O Relatório sobre as Desigualdades Mundiais, elaborado pela World Inequality Lab e lançado em dezembro de 2021, listou o Brasil como um dos países “mais desiguais do mundo”, e indicou que metade da população mais pobre brasileira ganha 29 vezes menos do que os 10% da população mais rica. Diante de uma sociedade capitalista e tão desigual, os caminhos para reduzir estes efeitos se tornam limitados.
“Existem danos estruturais que por mais que a gente se movimente para fazer os nossos processos individuais de cuidado, é muito difícil reverter o quadro porque são gerações e gerações vivendo essa situação. A gente fala de desigualdade social hoje, mas nós estamos falando de um pós-abolição que nunca se encerrou, né? De uma abolição que inclusive nunca existiu”, pontuou Laura.
Como reflexo deste pós-abolição, 67% dos moradores de favelas são negros, de acordo com a pesquisa “Economia das Favelas - Renda e Consumo nas Favelas Brasileiras”, desenvolvida pelos institutos Data Favela e Locomotiva e encomendada pela Comunidade Door.
A educadora financeira, pós-graduada em educação financeira e neurociência, Cinara Santos, 39 anos, informa que diante de um contexto social tão marcante e desigual para pessoas periféricas, a terapia precisa estar associada com a consultoria financeira, visto que para muitas pessoas, consumir é uma compulsão.
"Às vezes as pessoas vão comprar porque elas precisam suprir alguma necessidade que elas não sabem o que é. E aí tem várias origens. Porque na época que era criança os pais restringiam muito, ou a família era muito pobre. Então compra hoje pra compensar. Às vezes compra muito para poder mostrar que está bem, especialmente nesta era digital. Portanto, tem várias situações psicológicas. A situação financeira é muito mais psicológica do que lógica”, garantiu Cinara.
A especialista em finanças pontua ainda que a redução das compras ou a não utilização do cartão de crédito e redução da compra parcelada são suas primeiras orientações para pessoas com esse perfil de consumo.
Na pandemia Ashley conta que ficou endividada e recentemente conseguiu pagar todas as dívidas e voltar a se estabilizar. “Quero suprir ali as vontades da criança e adolescente. Mas, o meu próximo passo, depois disso, é conseguir poupar mais dinheiro. Pensar mais no futuro, fazer mais planos”, disse.
Após diversas experiências de consumo excessivo com o dinheiro que recebia em seu primeiro emprego, o tatuador William Urbano, 24 anos, entendeu a importância de mudar seus hábitos e mudar sua relação com o dinheiro. Para ele, a falta de educação financeira é seu maior desafio para gerir seu dinheiro atualmente.

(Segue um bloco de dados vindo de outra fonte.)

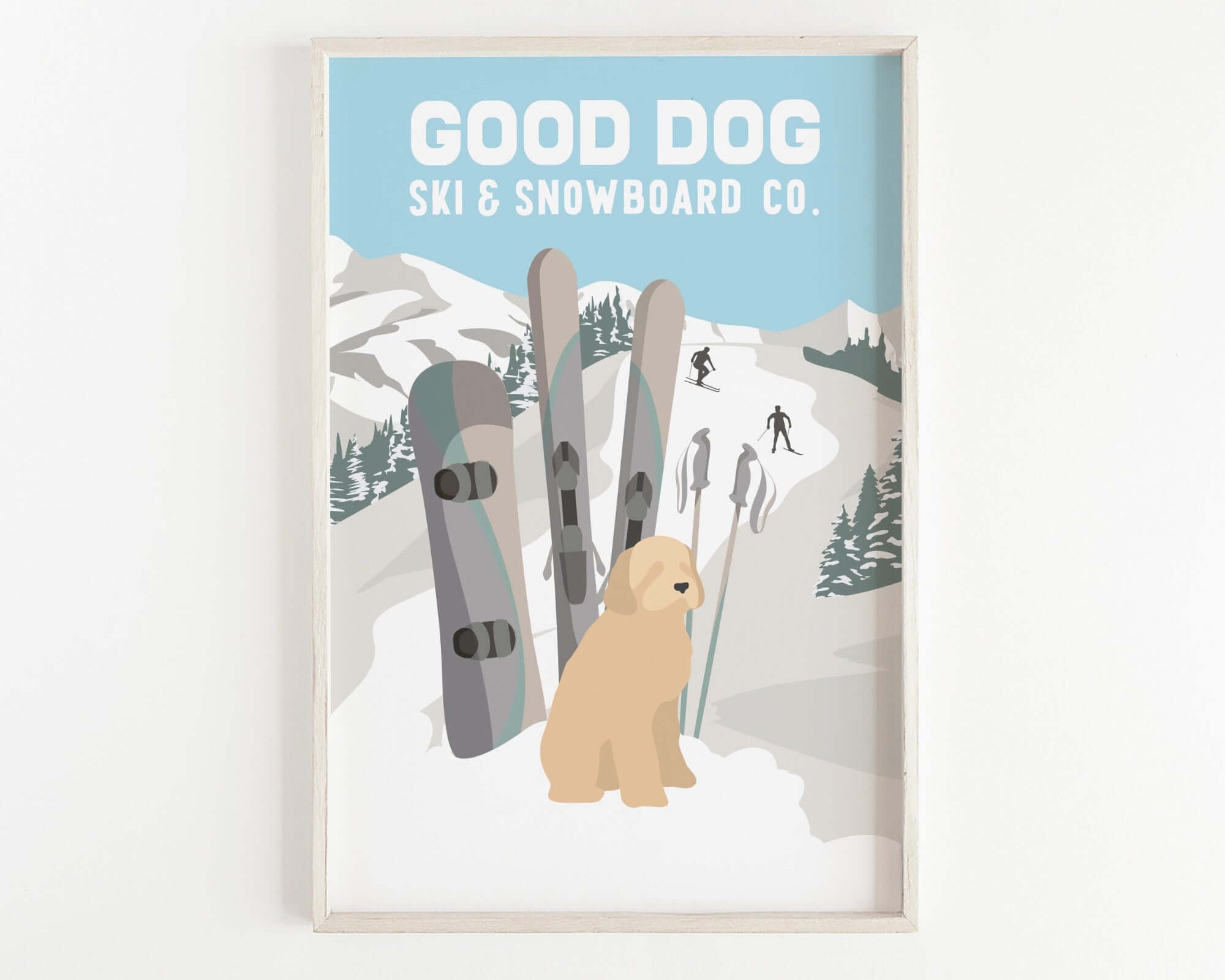 a picture of a picture of a dog and skis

“Eu não tenho mais uma visão do dinheiro como algo para ostentar. Mas sim algo que é necessário. E a minha ideia não é acumular cada vez mais dinheiro, mas sim ter o suficiente para gerar uma renda ali que eu consiga viver bem, trabalhar menos e ter melhor qualidade de vida”, disse o tatuador.

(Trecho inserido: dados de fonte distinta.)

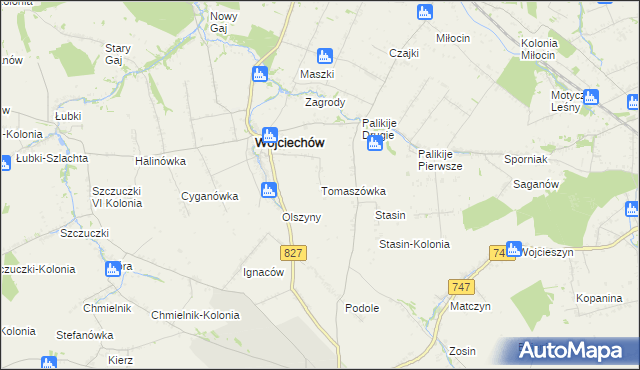 mapa Tomaszówka gmina Wojciechów, Tomaszówka gmina Wojciechów na mapie Targeo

Já para Ashley, a educação financeira ainda precisa estar aliada com a terapia. “Eu gostaria de crescer aprendendo a importância de poupar, ter consciência sobre o meu dinheiro e tudo mais. Eu acho que isso faria toda a diferença hoje porque eu vivi a vida inteira sem aprender a poupar. E pra eu chegar e fazer isso do nada é realmente muito complicado”, concluiu a criadora de conteúdo.